→ Work order: Set down the line containing "Dr. Martens Unisex" and each line after it through the last line of the records, exactly, leaving pictures out.
[Data records Boundary: Start]
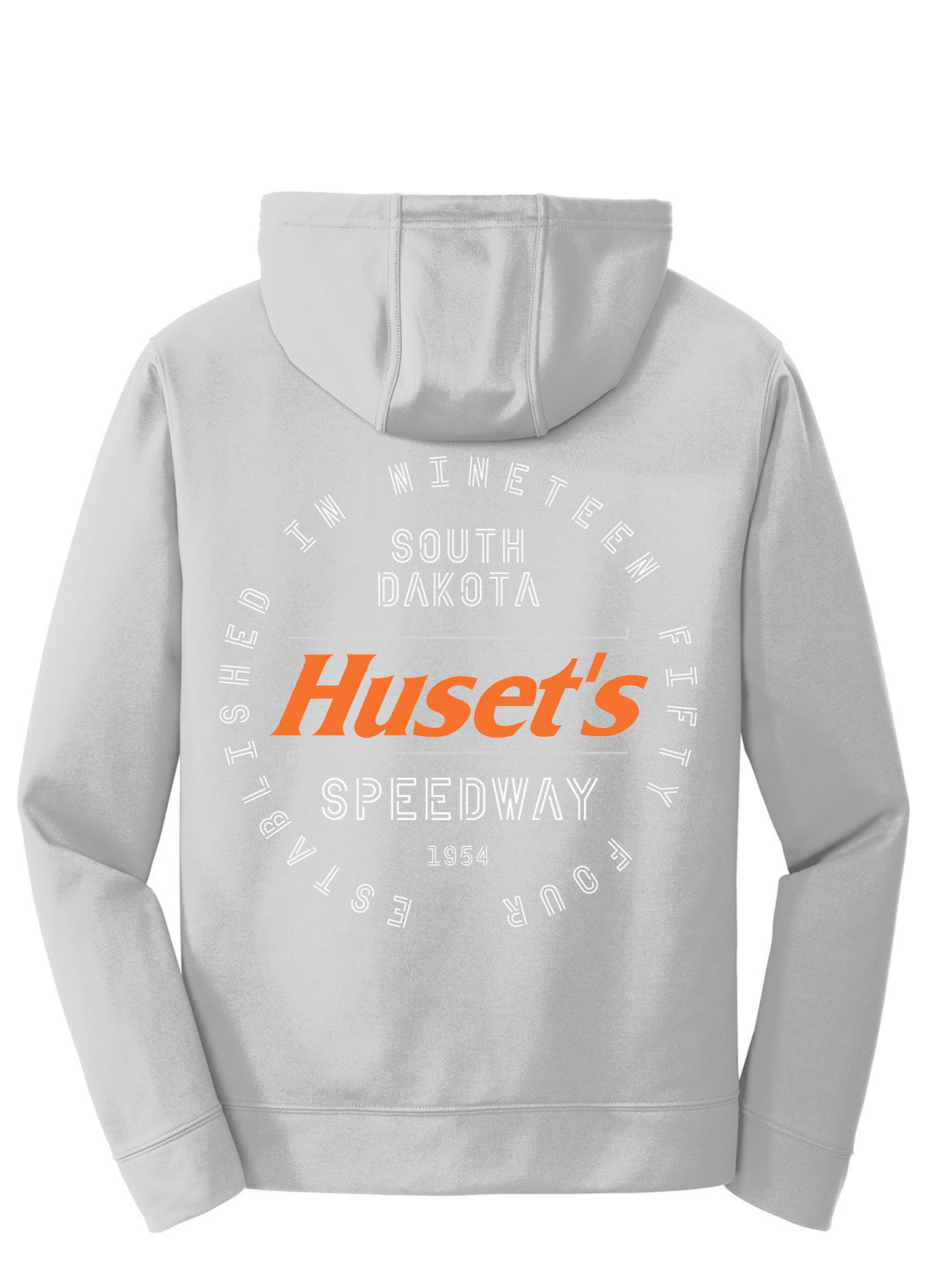 Huset's Circle Back Logo Gray Hoodie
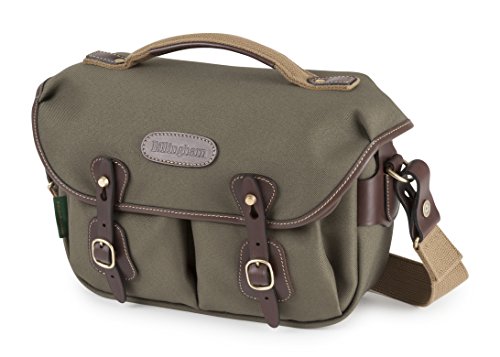 Billingham Small Pro - Tasche Rucksack FibreNyte (Schnellverschluss-System, Regenabweiser) grün und Toasten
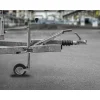 Stuetzrad mit Kurbel 48 mm, Vollgummirad ^ Discount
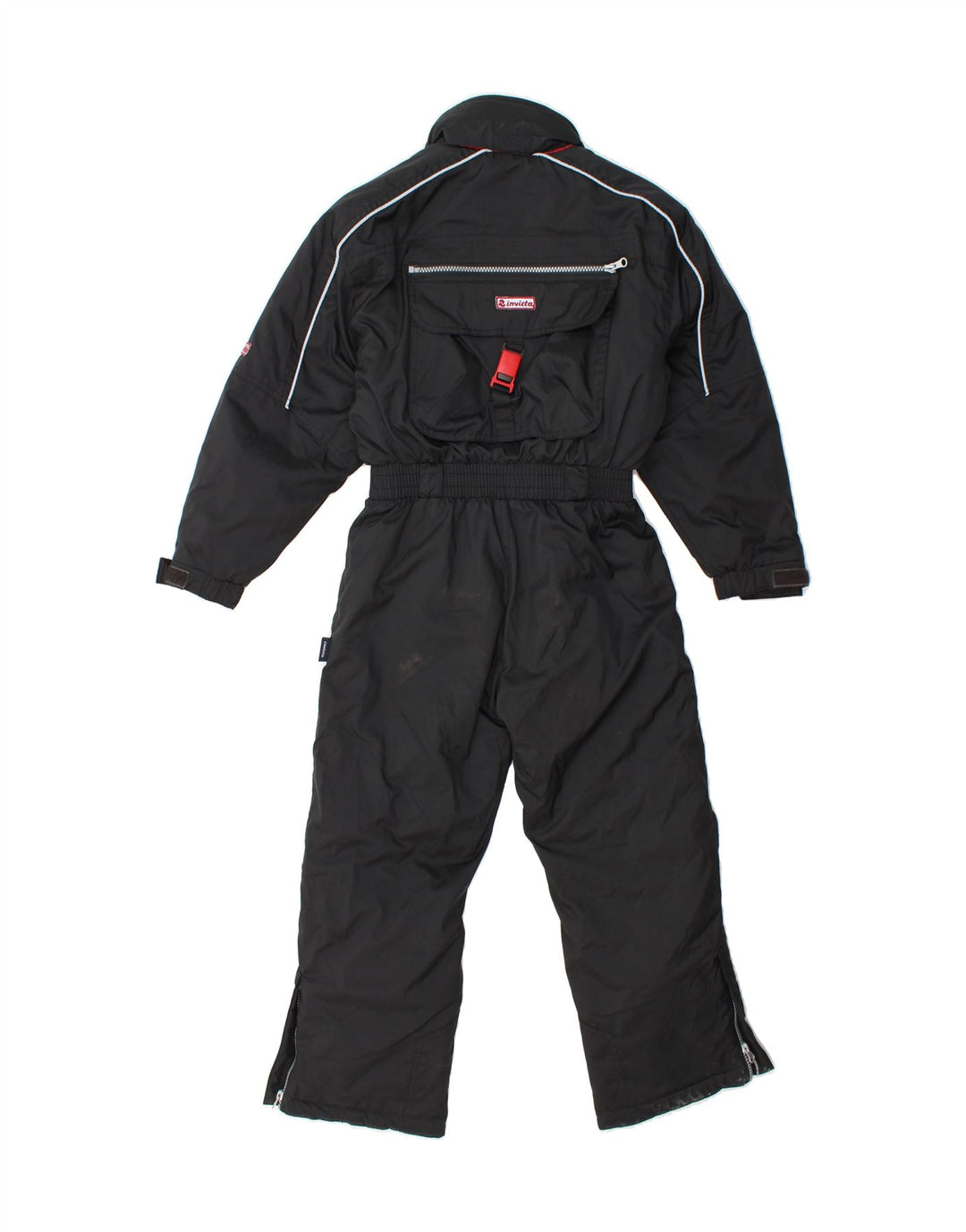 INVICTA Boys Ski Jumpsuit 7-8 Years  Black Polyamide Vintage Invicta and Second-Hand Invicta from Messina Hembry 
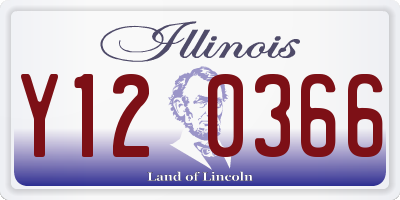 IL license plate Y120366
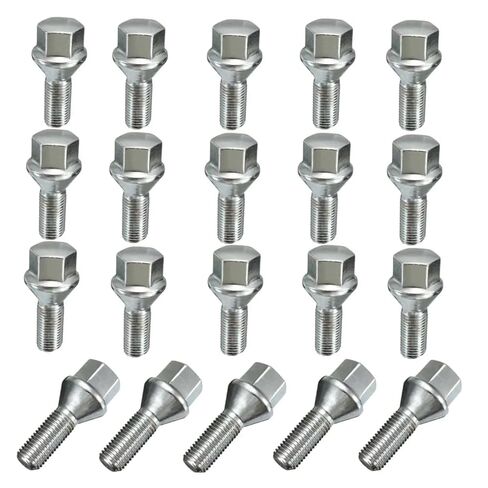 8/10/16/20pcs 26mm Length Wheel Bolts M12x1.5 3 Series E21 E30 E36 E46 E90 E91 E92 E93 1975-2012(20pcs) in Saudi Arabia
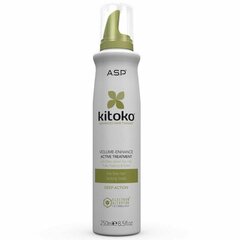 KITOKO Volume Enhance Active Treatment hiusvaahto, 250ml hinta ja tiedot | Kitoko Hiustenhoitotuotteet | hobbyhall.fi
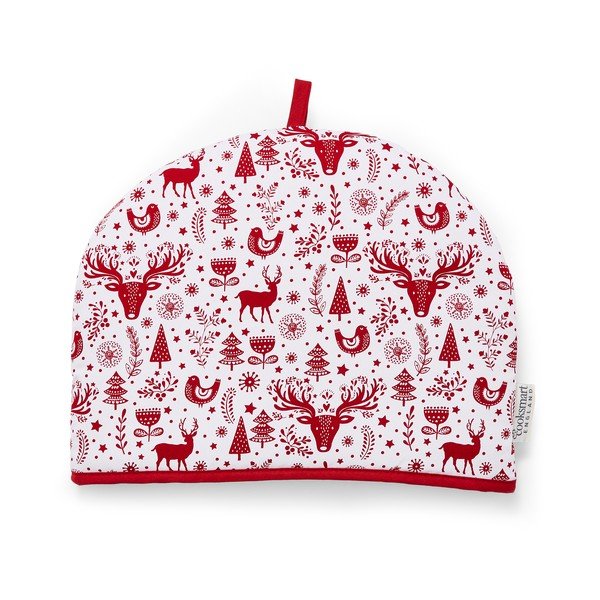 Kokvilnas Ziemassvētku pārvalks tējkannai Cooksmart ® A Nordic Christmas-image-1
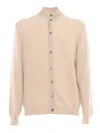 Fedeli Cardigan Favonius In Cashmere Sabbia Uomo In Gold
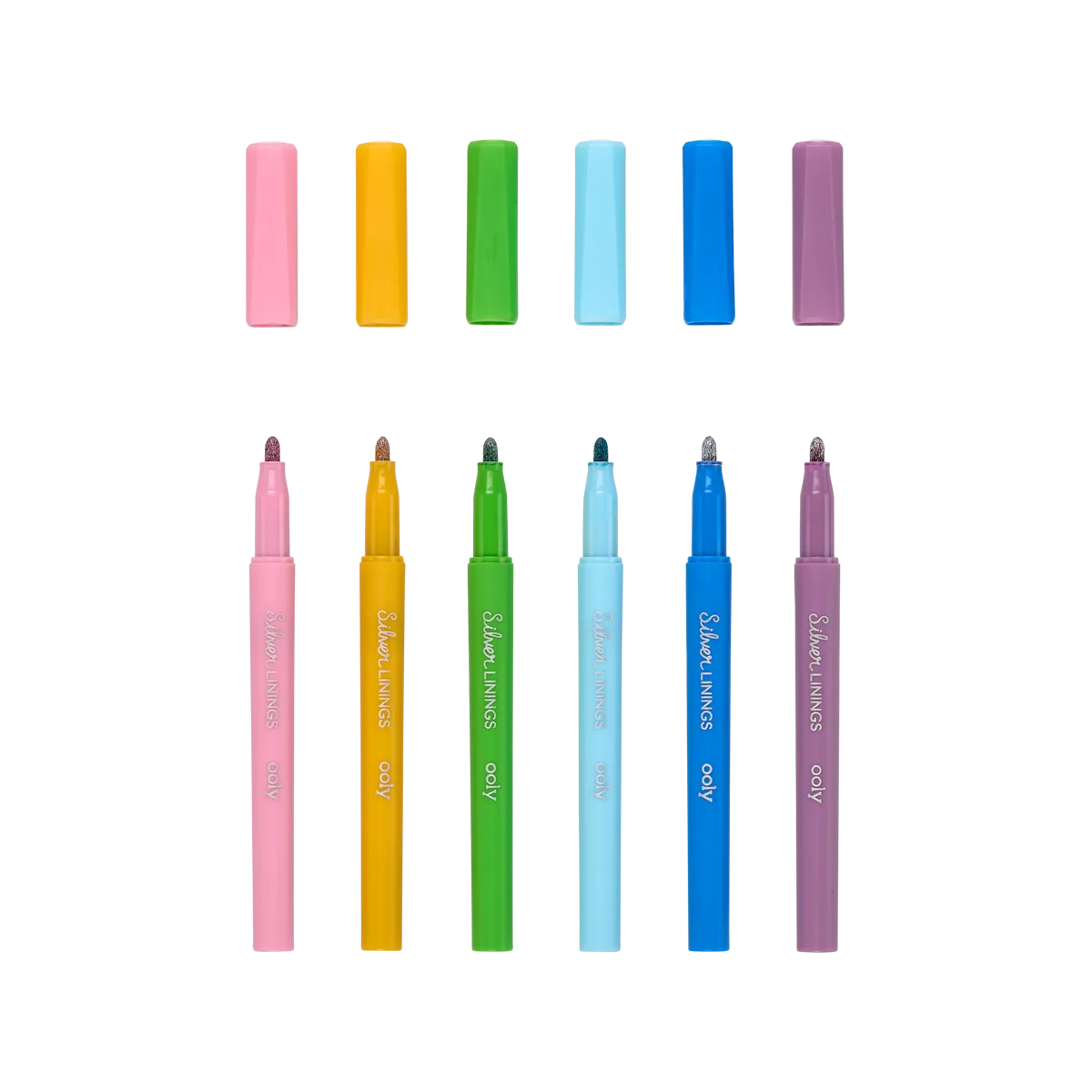Silver Linings: Color Outline Markers - Set of 6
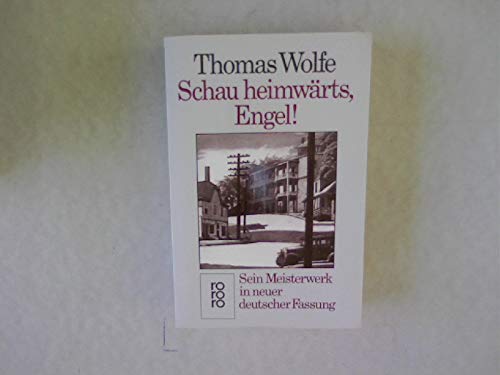 Schau heimwärts, Engel!: Eine Geschichte vom begrabenen Leben (rororo / Rowohlts Rotations Romane) Contemporary literature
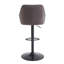 Swivel Upholstered Adjustable Height Counter Stool with Metal Frame-581688011
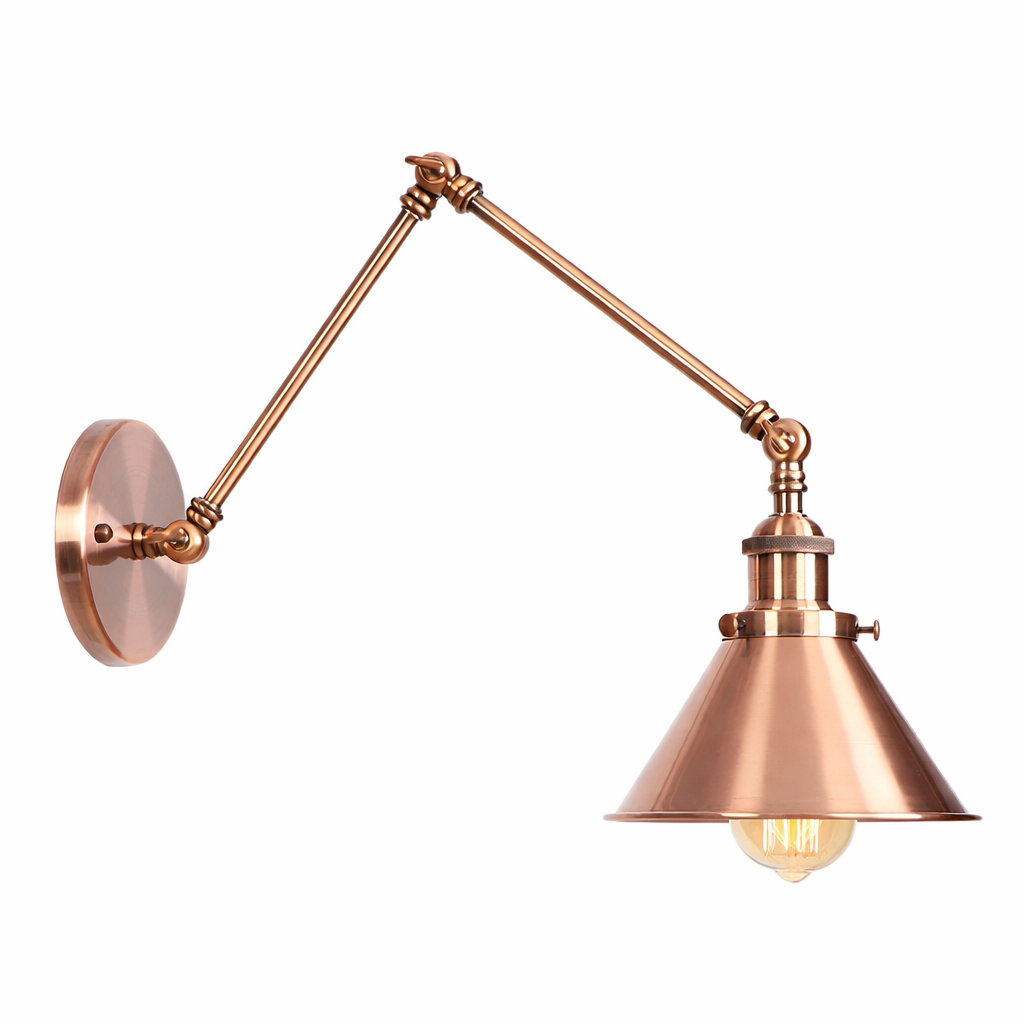 Modern Adjustable Wall Sconce Long Arm Reading Light Bedroom Living Room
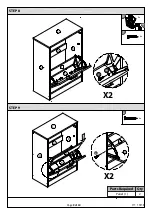 Preview for 9 page of GFW STIRLING 2 TIER SHOE CABINET Manual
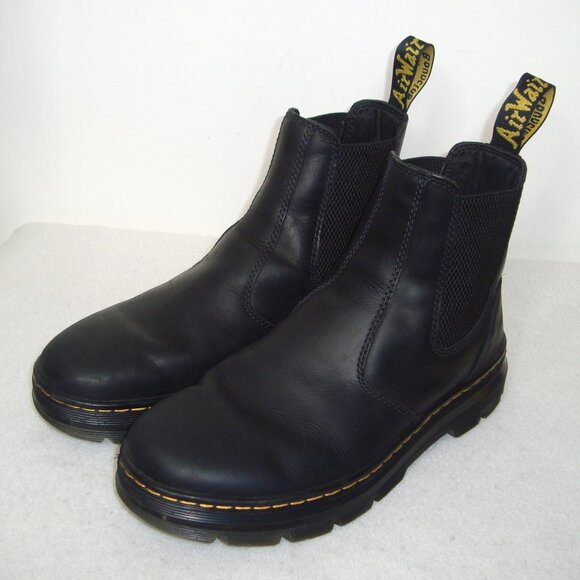 Dr. Martens Unisex EMBURY LEATHER CASUAL CHELSEA BOOTS Size 8 Men, 9 Women - Picture 4 of 13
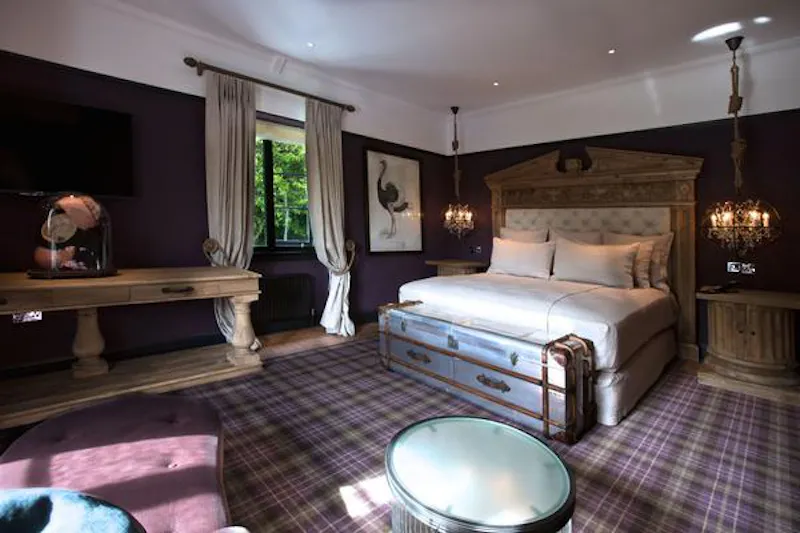 Bedroom at Luxury South Brent hotel, A1480 (photo 29)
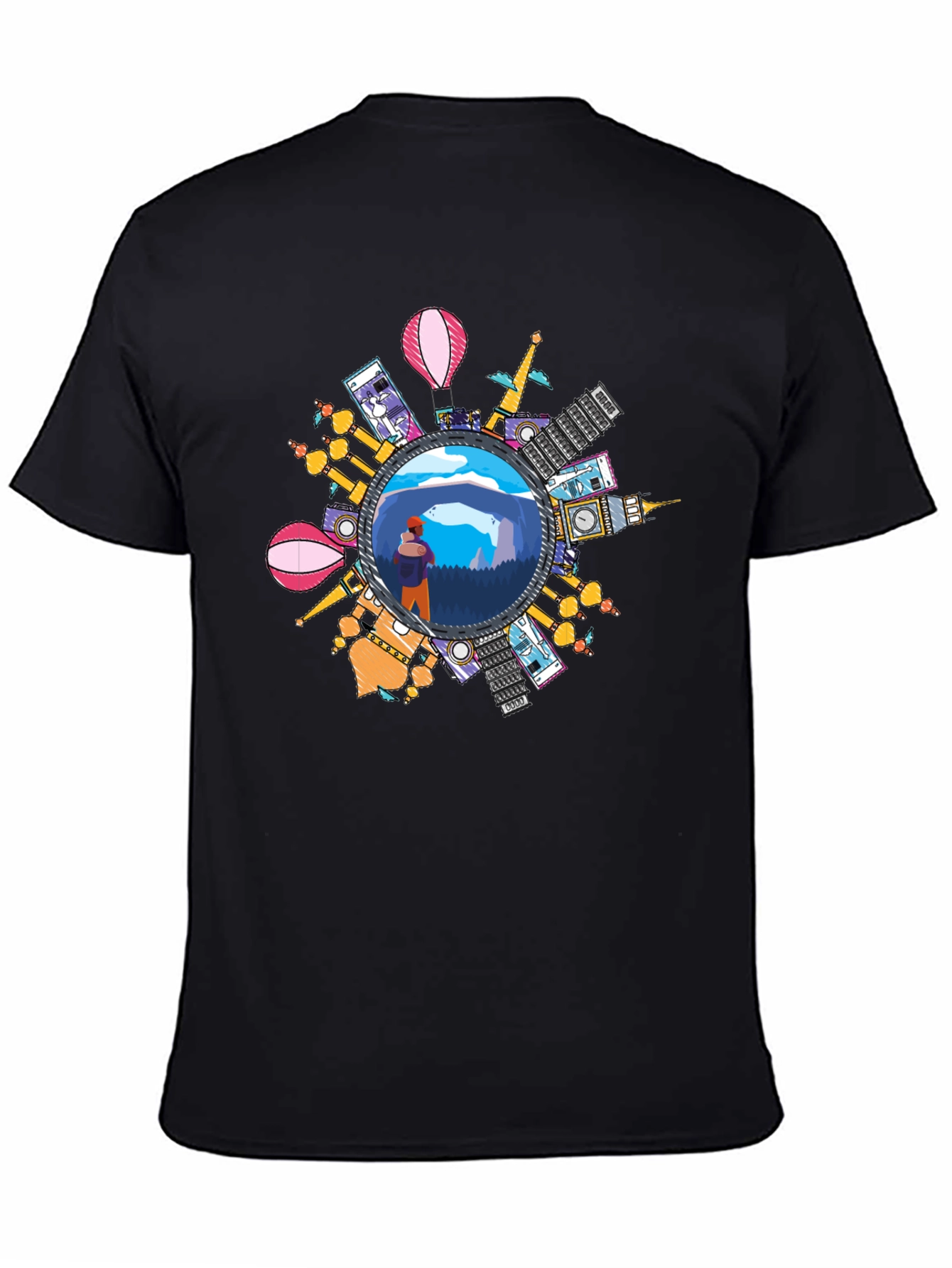 World Traveler Graphic T-Shirt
[Data records Boundary: End]
→ Exercise answer:
 Dr. Martens Unisex EMBURY LEATHER CASUAL CHELSEA BOOTS Size 8 Men, 9 Women - Picture 4 of 13
 Bedroom at Luxury South Brent hotel, A1480 (photo 29)
 World Traveler Graphic T-Shirt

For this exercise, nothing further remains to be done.